• _Task to carry out_: Down to the last line below, write out every line exactly, starting with the one that contains "A footage of the sea waves" and leaving out the pictures.
**** Recorded information
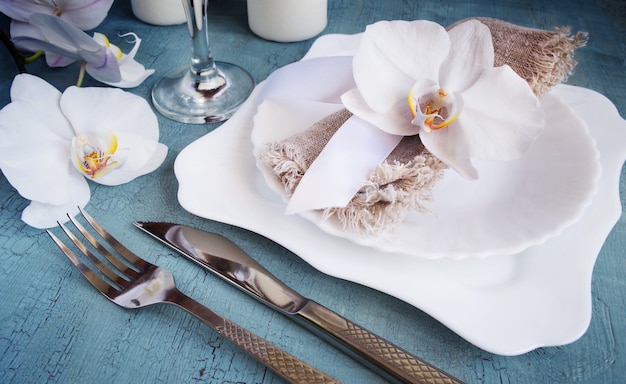 Cenário de mesa vintage com decorações de orquídea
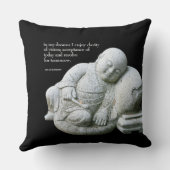 かわいい平和な眠る若い僧侶の石彫刻 クッション (裏面)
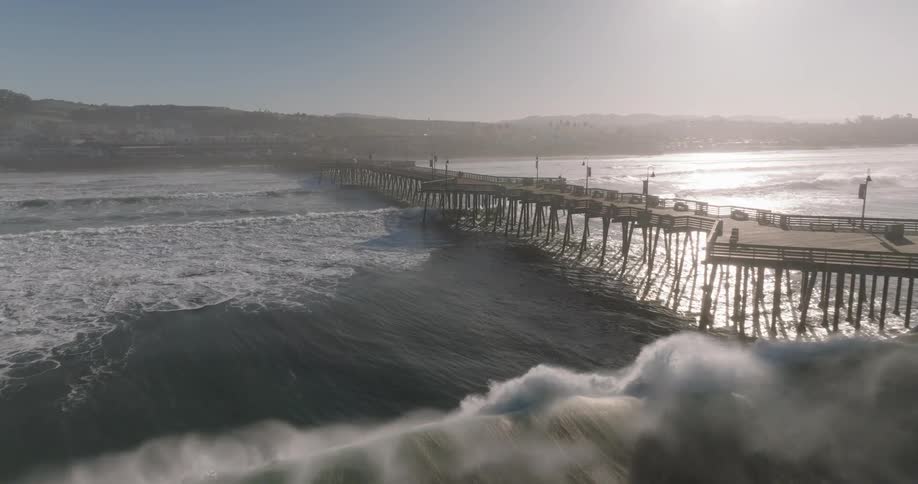A footage of the sea waves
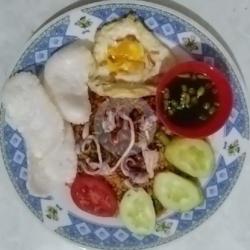 Mie Goreng Kuning Sotong / Cumi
********
• _Finished task_:
A footage of the sea waves
 Mie Goreng Kuning Sotong / Cumi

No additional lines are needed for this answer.